Trotzdem gab es heftige Opposition gegen die Rettung, aus Politik und Wirtschaft. Die SP erachtete das Rettungspaket als «finanziell und demokratisch nicht haltbar», SP-Ständerat Alain Berset sprach von einer «katastrophalen Situation»; die Grüne Partei vermisste «finanzielle Sicherheiten». Am 8. Dezember 2008 genehmigte der Nationalrat die UBS-Rettung mit 116 gegen 55 Stimmen. Die Märkte verschlechterten sich jedoch weiter – das Eigenkapital des Stabilitätsfonds war im Frühjahr 2009 aufgezehrt. «UBS-Ramschtitel kontaminieren die SNB», titelte die «Handelszeitung».

In den Folgemonaten stabilisierte sich der US-Immobilienmarkt und damit auch die damit verbundenen Wertpapiere. «Wir sind Risiken eingegangen, aber kalkulierte Risiken», sagt Jean-Pierre Roth. «Es war eine Wette darauf, dass sich die Lage auf den Märkten über die Jahre wieder normalisiert. Ich hatte damit gerechnet, dass es etwa fünf Jahre dauern wird. Aber ich habe nicht erwartet, dass der Stabilitätsfonds ein so gutes Geschäft wird», sagt der ehemalige SNB-Präsident.

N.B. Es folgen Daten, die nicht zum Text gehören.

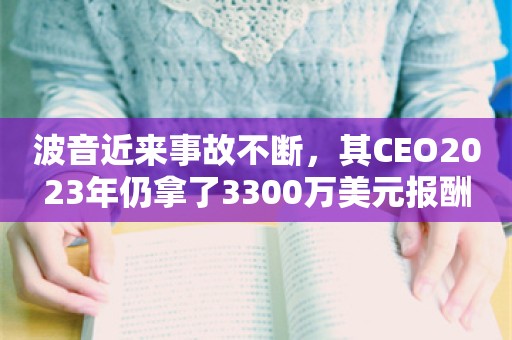 波音近来事故不断，其CEO2023年仍拿了3300万美元报酬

Oswald Grübel, ehemaliger UBS-Chef, hat das früh erkannt und wollte die Papiere aus dem Stabilitätsfonds schon vor Jahren zurückkaufen. «Doch die UBS war damals noch nicht genügend stark. Und wenn die SNB grosse Risiken eingeht, soll sie auch dafür entschädigt werden», sagt Roth. Die UBS-Rettung ist geglückt, so etwas sollte sich aber nicht wiederholen. Darum verlangt die Aufsicht von den Grossbanken nun viel höhere Eigenmittel.